Psilocybe ovoideocystidiata is mainly native to the Eastern United States, where its range stretches from Missouri east to Rhode Island and from Georgia north to Michigan. It is particularly common in the Ohio River valley. It also occurs in Western North America from Southern California north to British Columbia, Canada. As a relatively recently identified species, P. ovoideocystidiata is frequently reported to appear in new areas, leading some to speculate that its range is currently undergoing expansion.

This species grows on woody debris and can be found along rivers and streams, usually in overflow areas, and in man-made mulch and wood chips in urban and suburban environments. It is sometimes found alongside Japanese knotweed and also tends to prefer shady areas and avoid direct sunlight. It is typically gregarious, growing in groups of several hundred individuals in one particular area, as well as in multiple small clusters of several mushrooms each, within close proximity of one another. Solitary specimens also occur on occasion.
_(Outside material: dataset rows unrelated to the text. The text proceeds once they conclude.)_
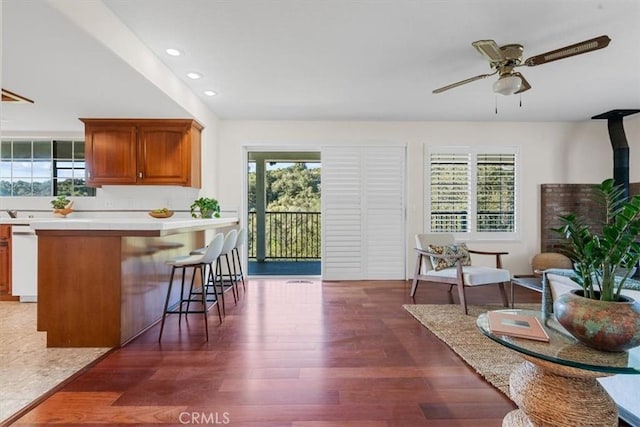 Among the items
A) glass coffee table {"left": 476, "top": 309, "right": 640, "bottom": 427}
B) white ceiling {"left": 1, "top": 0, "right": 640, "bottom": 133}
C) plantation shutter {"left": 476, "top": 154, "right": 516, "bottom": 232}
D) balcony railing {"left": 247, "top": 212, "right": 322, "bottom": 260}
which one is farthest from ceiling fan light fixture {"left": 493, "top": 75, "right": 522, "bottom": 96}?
balcony railing {"left": 247, "top": 212, "right": 322, "bottom": 260}

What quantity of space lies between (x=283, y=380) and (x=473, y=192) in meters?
4.11

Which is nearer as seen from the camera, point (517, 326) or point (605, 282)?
point (605, 282)

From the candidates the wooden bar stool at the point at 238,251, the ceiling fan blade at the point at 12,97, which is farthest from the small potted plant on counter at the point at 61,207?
the wooden bar stool at the point at 238,251

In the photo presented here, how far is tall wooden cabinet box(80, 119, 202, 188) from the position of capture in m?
4.05

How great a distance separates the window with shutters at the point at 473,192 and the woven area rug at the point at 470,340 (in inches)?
62.7

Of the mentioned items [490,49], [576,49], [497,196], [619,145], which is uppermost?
[490,49]

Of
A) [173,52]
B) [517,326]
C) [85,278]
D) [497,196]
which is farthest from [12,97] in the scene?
[497,196]

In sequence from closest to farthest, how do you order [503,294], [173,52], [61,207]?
1. [173,52]
2. [503,294]
3. [61,207]

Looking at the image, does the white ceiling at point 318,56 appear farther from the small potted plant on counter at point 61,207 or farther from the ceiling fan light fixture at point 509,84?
the small potted plant on counter at point 61,207

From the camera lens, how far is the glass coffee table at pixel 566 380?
1.19m

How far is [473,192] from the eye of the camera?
4.97m

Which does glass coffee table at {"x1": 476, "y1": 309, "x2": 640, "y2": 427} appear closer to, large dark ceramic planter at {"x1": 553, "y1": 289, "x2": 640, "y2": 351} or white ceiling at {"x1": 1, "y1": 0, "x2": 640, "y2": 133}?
large dark ceramic planter at {"x1": 553, "y1": 289, "x2": 640, "y2": 351}

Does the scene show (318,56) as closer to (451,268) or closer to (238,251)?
(451,268)

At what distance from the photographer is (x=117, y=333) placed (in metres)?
2.54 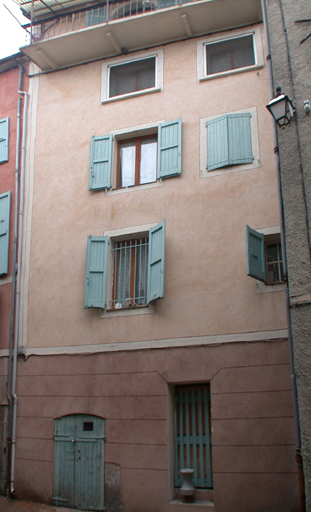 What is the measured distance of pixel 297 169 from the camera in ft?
27.5

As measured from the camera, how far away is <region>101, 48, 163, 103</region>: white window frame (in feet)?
43.0

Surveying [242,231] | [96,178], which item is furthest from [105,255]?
[242,231]

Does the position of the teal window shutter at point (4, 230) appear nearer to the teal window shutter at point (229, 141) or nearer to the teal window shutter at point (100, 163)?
the teal window shutter at point (100, 163)

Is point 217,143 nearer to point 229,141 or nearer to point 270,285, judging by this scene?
point 229,141

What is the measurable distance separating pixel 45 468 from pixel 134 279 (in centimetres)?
417

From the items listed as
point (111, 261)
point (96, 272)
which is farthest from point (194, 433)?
point (111, 261)

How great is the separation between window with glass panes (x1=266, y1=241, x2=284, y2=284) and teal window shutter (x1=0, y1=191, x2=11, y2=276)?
592 centimetres

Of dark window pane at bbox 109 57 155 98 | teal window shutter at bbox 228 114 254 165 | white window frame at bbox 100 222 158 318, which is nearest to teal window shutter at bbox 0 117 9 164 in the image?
dark window pane at bbox 109 57 155 98

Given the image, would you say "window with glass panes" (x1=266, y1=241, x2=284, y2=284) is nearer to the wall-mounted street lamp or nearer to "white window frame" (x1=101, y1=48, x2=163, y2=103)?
the wall-mounted street lamp

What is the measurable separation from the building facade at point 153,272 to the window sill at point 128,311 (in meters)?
0.03

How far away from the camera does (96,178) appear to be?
41.8ft

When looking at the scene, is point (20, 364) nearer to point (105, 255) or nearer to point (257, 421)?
point (105, 255)

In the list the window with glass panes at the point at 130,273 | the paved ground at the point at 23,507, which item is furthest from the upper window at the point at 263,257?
the paved ground at the point at 23,507

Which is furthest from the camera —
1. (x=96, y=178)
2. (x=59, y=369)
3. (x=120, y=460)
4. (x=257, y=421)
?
(x=96, y=178) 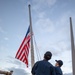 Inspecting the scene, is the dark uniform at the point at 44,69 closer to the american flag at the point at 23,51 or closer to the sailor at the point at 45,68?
the sailor at the point at 45,68

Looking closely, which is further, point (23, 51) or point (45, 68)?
point (23, 51)

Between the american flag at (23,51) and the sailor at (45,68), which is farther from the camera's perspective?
the american flag at (23,51)

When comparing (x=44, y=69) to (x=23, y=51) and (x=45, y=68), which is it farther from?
(x=23, y=51)

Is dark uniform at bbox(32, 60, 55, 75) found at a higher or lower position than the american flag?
lower

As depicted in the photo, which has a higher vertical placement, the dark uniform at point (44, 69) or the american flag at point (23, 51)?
the american flag at point (23, 51)

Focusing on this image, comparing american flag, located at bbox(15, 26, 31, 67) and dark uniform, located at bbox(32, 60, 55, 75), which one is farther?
american flag, located at bbox(15, 26, 31, 67)

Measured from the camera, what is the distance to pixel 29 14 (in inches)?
1009

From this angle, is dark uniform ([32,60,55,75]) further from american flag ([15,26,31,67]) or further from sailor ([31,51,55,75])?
american flag ([15,26,31,67])

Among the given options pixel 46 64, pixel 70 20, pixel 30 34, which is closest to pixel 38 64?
pixel 46 64

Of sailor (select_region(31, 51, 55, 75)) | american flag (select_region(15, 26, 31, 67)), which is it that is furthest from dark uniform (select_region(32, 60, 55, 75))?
american flag (select_region(15, 26, 31, 67))

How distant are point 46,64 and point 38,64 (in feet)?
0.79

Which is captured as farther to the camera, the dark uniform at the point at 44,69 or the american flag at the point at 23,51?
the american flag at the point at 23,51

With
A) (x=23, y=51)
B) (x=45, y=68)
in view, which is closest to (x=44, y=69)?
(x=45, y=68)

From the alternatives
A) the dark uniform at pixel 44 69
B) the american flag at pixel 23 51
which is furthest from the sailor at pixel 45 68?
the american flag at pixel 23 51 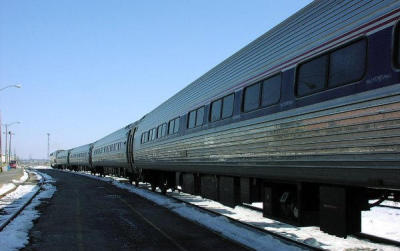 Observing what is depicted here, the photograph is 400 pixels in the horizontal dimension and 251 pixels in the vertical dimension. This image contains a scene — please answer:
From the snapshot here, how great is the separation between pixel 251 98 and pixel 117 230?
15.6 feet

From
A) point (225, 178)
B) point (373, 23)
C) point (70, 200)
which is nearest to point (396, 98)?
point (373, 23)

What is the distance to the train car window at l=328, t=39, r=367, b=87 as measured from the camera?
5430 mm

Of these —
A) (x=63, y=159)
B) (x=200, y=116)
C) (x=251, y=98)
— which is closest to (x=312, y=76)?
(x=251, y=98)

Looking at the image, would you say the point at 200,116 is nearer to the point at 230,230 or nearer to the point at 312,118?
the point at 230,230

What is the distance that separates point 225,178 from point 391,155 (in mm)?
6106

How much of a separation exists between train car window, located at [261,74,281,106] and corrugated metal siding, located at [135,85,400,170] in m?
0.31

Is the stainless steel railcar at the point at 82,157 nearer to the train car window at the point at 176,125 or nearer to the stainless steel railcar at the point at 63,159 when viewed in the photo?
the stainless steel railcar at the point at 63,159

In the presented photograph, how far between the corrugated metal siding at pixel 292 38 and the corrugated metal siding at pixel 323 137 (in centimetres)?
102

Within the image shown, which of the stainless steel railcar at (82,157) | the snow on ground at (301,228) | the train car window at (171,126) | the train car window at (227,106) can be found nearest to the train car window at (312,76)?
the train car window at (227,106)

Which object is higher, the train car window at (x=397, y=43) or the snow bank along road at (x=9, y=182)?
the train car window at (x=397, y=43)

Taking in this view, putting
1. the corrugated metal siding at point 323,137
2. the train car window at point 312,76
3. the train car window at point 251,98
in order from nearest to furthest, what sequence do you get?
the corrugated metal siding at point 323,137 → the train car window at point 312,76 → the train car window at point 251,98

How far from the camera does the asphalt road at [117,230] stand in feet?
28.3

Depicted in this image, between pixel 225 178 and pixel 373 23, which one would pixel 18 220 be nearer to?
pixel 225 178

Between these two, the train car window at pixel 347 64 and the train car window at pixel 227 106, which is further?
the train car window at pixel 227 106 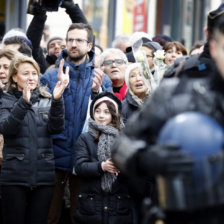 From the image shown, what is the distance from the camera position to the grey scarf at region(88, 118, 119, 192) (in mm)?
5484

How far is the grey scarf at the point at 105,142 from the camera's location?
18.0 ft

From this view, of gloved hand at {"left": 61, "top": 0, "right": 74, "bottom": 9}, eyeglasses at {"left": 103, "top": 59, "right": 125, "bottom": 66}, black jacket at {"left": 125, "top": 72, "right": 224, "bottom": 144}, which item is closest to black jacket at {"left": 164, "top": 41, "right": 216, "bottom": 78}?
black jacket at {"left": 125, "top": 72, "right": 224, "bottom": 144}

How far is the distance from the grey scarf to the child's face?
0.24 ft

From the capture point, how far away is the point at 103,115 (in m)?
5.77

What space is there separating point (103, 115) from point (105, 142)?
0.29 m

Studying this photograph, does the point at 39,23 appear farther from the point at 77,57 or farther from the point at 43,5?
Answer: the point at 77,57

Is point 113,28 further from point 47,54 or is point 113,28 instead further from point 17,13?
point 47,54

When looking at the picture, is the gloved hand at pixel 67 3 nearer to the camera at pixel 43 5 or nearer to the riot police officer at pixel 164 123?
the camera at pixel 43 5

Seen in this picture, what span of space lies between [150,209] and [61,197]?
122 inches

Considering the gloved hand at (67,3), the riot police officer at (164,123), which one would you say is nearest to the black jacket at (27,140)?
the gloved hand at (67,3)

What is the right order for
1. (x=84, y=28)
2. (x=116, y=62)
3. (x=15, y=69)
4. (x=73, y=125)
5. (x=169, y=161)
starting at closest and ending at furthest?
1. (x=169, y=161)
2. (x=15, y=69)
3. (x=73, y=125)
4. (x=84, y=28)
5. (x=116, y=62)

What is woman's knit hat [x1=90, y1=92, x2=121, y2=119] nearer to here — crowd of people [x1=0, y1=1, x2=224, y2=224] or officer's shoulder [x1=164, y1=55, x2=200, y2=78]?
crowd of people [x1=0, y1=1, x2=224, y2=224]

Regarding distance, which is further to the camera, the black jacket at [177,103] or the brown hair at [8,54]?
the brown hair at [8,54]

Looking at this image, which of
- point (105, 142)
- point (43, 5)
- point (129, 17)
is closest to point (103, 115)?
point (105, 142) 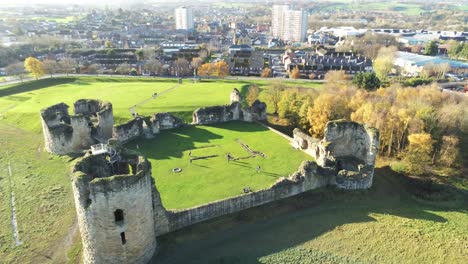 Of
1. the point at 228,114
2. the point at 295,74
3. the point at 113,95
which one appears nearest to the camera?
the point at 228,114

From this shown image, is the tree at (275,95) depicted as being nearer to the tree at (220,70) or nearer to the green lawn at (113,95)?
the green lawn at (113,95)

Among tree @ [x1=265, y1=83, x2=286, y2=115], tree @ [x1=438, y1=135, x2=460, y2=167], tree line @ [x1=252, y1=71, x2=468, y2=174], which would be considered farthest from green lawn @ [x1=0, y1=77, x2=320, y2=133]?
tree @ [x1=438, y1=135, x2=460, y2=167]

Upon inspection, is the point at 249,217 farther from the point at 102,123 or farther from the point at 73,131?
the point at 73,131

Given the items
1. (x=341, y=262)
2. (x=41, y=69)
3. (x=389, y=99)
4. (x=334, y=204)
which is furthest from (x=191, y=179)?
(x=41, y=69)

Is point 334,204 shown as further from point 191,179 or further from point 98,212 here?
point 98,212

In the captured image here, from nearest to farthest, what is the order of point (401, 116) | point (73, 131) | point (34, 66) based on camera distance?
point (401, 116) < point (73, 131) < point (34, 66)

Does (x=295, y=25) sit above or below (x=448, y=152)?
above

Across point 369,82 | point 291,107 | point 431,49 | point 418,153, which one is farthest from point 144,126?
point 431,49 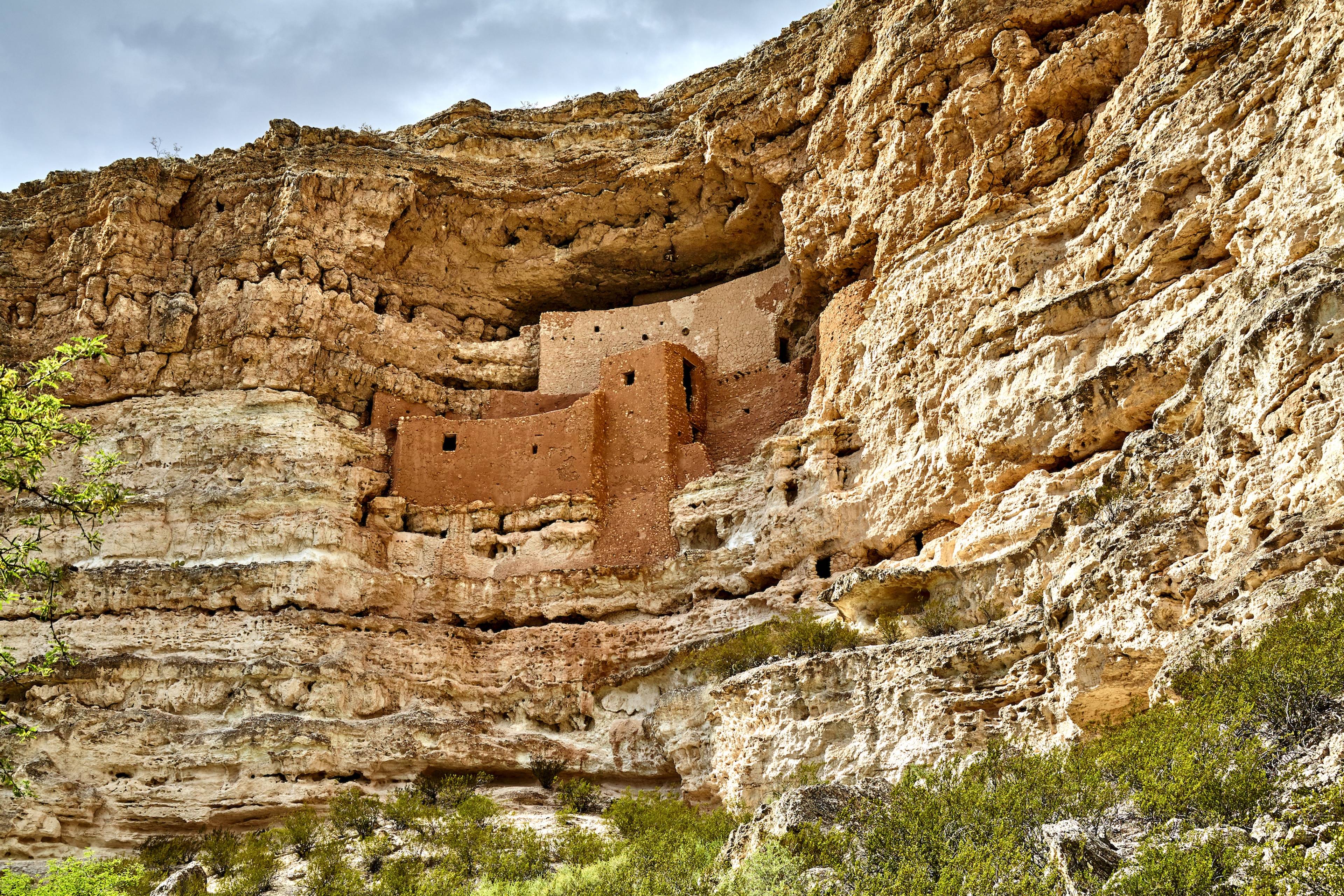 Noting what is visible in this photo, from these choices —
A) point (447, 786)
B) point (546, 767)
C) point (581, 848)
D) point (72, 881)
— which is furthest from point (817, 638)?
point (72, 881)

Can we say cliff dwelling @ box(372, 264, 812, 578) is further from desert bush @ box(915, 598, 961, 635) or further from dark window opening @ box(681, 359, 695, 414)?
desert bush @ box(915, 598, 961, 635)

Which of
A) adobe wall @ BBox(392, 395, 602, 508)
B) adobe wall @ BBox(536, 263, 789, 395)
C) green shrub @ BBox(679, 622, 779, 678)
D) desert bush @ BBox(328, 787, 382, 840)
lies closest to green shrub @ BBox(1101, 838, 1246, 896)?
green shrub @ BBox(679, 622, 779, 678)

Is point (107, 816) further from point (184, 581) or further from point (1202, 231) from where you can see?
point (1202, 231)

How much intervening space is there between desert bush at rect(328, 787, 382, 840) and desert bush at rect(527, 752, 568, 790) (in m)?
2.67

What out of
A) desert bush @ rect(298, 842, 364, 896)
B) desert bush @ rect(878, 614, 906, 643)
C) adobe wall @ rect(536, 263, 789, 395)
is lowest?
desert bush @ rect(298, 842, 364, 896)

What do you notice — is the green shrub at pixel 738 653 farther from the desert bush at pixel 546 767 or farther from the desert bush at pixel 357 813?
the desert bush at pixel 357 813

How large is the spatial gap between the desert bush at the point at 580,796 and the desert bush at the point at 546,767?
2.31 ft

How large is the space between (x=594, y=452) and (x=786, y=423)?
3.88 metres

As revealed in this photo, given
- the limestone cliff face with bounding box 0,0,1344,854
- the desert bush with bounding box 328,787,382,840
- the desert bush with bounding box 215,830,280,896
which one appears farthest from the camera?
the desert bush with bounding box 328,787,382,840

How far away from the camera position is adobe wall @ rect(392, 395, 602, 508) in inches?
969

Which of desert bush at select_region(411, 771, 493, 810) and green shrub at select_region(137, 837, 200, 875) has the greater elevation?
desert bush at select_region(411, 771, 493, 810)

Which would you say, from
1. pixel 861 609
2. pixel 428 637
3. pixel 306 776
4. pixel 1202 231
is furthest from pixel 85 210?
pixel 1202 231

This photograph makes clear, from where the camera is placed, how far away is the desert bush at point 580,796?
18.6 meters

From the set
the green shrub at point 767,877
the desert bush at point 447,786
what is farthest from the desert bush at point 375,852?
the green shrub at point 767,877
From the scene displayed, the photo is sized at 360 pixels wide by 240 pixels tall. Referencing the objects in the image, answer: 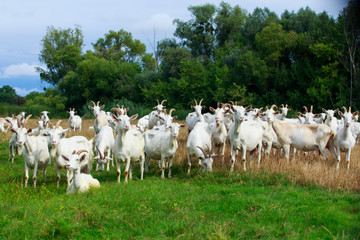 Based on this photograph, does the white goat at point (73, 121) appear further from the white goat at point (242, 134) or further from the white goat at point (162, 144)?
the white goat at point (242, 134)

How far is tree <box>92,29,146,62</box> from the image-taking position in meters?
63.1

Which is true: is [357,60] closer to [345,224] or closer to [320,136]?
Answer: [320,136]

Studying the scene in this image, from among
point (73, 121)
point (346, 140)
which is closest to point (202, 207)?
point (346, 140)

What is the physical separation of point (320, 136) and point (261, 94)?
23.5 metres

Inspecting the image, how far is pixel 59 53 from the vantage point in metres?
58.5

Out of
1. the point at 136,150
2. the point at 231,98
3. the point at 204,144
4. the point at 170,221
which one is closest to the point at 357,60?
the point at 231,98

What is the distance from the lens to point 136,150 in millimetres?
9648

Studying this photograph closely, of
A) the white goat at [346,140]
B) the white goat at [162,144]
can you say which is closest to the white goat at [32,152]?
the white goat at [162,144]

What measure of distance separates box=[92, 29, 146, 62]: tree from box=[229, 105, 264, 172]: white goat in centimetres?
5471

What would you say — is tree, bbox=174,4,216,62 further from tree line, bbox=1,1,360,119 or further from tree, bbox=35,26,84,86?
tree, bbox=35,26,84,86

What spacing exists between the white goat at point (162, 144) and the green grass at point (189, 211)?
139 cm

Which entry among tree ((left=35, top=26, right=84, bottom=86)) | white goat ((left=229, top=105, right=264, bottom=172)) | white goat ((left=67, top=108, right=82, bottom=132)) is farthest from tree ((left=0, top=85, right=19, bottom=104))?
white goat ((left=229, top=105, right=264, bottom=172))

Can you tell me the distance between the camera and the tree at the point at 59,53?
5778 cm

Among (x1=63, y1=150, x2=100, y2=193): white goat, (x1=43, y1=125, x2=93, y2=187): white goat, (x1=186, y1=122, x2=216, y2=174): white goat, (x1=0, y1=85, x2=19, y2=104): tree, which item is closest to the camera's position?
(x1=63, y1=150, x2=100, y2=193): white goat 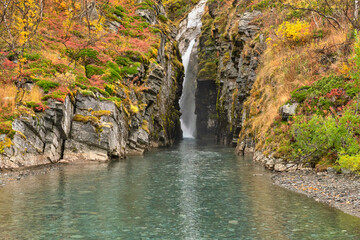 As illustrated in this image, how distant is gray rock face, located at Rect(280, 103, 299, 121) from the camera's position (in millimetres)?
21531

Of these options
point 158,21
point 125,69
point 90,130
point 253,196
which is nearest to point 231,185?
point 253,196

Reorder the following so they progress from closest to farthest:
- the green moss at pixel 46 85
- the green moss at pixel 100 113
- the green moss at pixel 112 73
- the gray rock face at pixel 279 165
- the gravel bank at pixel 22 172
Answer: the gravel bank at pixel 22 172 → the gray rock face at pixel 279 165 → the green moss at pixel 46 85 → the green moss at pixel 100 113 → the green moss at pixel 112 73

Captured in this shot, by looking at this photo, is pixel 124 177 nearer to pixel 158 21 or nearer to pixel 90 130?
pixel 90 130

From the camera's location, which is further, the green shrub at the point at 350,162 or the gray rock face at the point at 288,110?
the gray rock face at the point at 288,110

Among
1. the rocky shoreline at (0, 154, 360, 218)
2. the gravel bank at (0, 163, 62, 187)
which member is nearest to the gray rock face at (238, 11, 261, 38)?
the rocky shoreline at (0, 154, 360, 218)

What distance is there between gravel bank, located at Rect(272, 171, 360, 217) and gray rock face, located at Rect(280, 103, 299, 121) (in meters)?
5.13

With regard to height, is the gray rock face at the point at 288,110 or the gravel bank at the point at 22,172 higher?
the gray rock face at the point at 288,110

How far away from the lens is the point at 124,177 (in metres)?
18.1

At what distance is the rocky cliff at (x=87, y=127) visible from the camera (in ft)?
63.4

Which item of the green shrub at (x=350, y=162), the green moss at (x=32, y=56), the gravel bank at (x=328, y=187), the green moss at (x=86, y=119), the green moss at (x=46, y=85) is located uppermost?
the green moss at (x=32, y=56)

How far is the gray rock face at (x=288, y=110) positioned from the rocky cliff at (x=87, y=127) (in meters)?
13.3

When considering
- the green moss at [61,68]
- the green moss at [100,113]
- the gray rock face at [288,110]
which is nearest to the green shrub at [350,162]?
the gray rock face at [288,110]

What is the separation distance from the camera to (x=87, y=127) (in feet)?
80.8

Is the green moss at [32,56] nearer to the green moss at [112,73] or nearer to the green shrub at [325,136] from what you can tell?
the green moss at [112,73] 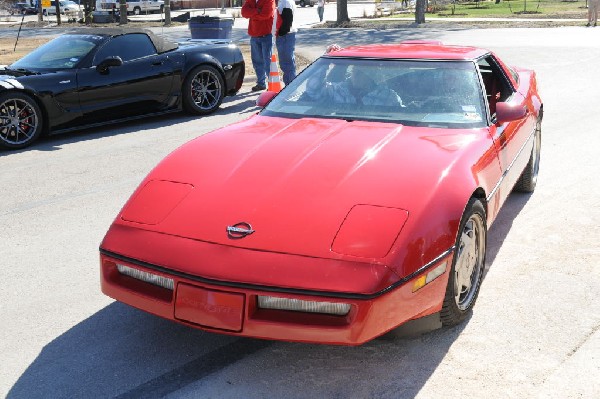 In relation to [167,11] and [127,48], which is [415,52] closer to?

Seasonality varies a great deal depending on what region they are found in, but in the northeastern US, they are most common in the spring, from mid-April to late-June (peaking late-May), especially after periods of steady heavy rain for several consecutive days (a common weather pattern in the eastern US during spring). However, they may occasionally fruit, as late as November. These mushrooms seem to be very sensitive to the season and fruit chiefly in the spring; very little fruiting occurs during other times of the year, even during favorable weather conditions.